Government scientists worked with Moderna in January 2020 to rapidly develop the spike protein technology key to its vaccine. The company also received billions in federal funding to develop its vaccine and to boost manufacturing capacity.
Moderna said in December it was pausing its dispute with the government to "avoid any distraction" in the fight against the omicron variant.
Moderna and Arbutus had been operating under licensing terms for Moderna's earlier experimental use of the nanoparticles, Arbutus and Genevant contend in their suit. The particles are used to protect and deliver messenger RNA as it travels through the body.
After Moderna rolled out its coronavirus vaccine using the nanoparticles in 2020 in record time, Arbutus and Moderna communicated about a license for the new shots without reaching any agreement, the lawsuit says.

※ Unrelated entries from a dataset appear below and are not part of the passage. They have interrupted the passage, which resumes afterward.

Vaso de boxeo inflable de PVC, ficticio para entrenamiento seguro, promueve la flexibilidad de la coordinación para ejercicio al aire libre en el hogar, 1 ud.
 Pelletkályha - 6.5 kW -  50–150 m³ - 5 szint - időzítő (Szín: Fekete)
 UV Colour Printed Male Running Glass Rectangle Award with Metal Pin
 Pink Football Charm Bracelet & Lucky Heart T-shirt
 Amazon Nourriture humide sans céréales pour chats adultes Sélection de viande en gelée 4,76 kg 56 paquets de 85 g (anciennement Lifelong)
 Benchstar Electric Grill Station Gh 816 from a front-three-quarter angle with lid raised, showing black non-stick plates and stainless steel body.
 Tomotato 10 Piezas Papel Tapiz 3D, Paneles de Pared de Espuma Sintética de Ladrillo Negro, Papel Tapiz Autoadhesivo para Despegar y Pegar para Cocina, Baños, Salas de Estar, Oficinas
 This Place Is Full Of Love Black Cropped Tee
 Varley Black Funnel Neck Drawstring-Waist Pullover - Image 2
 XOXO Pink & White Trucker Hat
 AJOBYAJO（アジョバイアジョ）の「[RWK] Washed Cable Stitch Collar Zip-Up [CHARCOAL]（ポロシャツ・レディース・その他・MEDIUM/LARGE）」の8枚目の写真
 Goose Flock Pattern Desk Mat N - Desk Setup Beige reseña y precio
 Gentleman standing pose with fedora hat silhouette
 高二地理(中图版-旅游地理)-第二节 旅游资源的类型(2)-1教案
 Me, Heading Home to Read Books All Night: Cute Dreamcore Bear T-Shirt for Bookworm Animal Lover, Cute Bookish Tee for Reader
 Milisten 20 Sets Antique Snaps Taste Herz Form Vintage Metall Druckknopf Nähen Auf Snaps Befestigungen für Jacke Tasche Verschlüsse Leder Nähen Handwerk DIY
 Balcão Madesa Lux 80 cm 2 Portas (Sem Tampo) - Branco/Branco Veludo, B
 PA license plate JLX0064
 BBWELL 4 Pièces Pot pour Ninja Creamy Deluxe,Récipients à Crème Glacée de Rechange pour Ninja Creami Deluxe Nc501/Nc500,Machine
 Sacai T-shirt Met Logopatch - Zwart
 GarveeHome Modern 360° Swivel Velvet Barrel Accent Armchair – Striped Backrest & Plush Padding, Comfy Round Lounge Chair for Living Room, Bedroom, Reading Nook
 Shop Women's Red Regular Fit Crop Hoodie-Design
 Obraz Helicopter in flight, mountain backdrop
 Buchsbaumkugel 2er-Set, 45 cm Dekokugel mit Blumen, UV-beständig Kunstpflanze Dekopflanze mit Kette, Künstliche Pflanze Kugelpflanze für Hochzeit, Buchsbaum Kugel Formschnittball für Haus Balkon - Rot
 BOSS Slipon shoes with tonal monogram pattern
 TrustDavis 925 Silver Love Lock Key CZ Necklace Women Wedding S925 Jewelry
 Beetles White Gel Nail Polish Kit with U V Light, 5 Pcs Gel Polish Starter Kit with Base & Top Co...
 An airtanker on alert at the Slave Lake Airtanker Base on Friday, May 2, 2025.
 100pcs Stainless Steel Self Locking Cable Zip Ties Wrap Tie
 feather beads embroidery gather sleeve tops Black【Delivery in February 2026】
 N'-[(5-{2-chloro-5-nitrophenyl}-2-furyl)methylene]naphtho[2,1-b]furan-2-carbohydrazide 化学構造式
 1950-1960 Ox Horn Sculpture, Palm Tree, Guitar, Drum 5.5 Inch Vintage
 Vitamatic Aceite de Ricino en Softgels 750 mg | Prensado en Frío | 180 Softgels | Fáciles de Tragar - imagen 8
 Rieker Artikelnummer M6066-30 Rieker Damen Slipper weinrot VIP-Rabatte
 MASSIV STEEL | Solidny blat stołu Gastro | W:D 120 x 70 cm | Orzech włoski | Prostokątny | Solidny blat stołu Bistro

"Relying on Arbutus's LNP [lipid nanotechnology particle] technology ... Moderna was able to begin producing its COVID-19 vaccine within just a few days of the SARS-CoV-2 genomic sequence entering the public domain," the lawsuit says.
“Moderna’s COVID-19 vaccine could not have been developed, much less on a timeline unprecedented in human history, without Arbutus’s proven and patented LNP delivery technology — technology that had transformed vaccine design from a years-long project into one that could be performed within an hour over a January weekend,” the lawsuit says.
The key invention in the case is the arrangement of four lipids that make up the shell of the vaccine's nanoparticle. The lipids form a sphere around the mRNA payload. The mRNA is released inside a human cell and instructs the cell to produce the coronavirus's unique spike protein, which in turn triggers production of antibodies and enables the body to fight the virus if confronted with it.
The ratio of the four lipids in the spherical bubble is the telltale key to the Arbutus invention, the company maintains. When the first scientific preprint emerged of how Moderna, with help from NIH, made its coronavirus vaccine at the beginning of the public health emergency, the authors listed a lipid ratio that matched the Arbutus patents, the lawsuit says.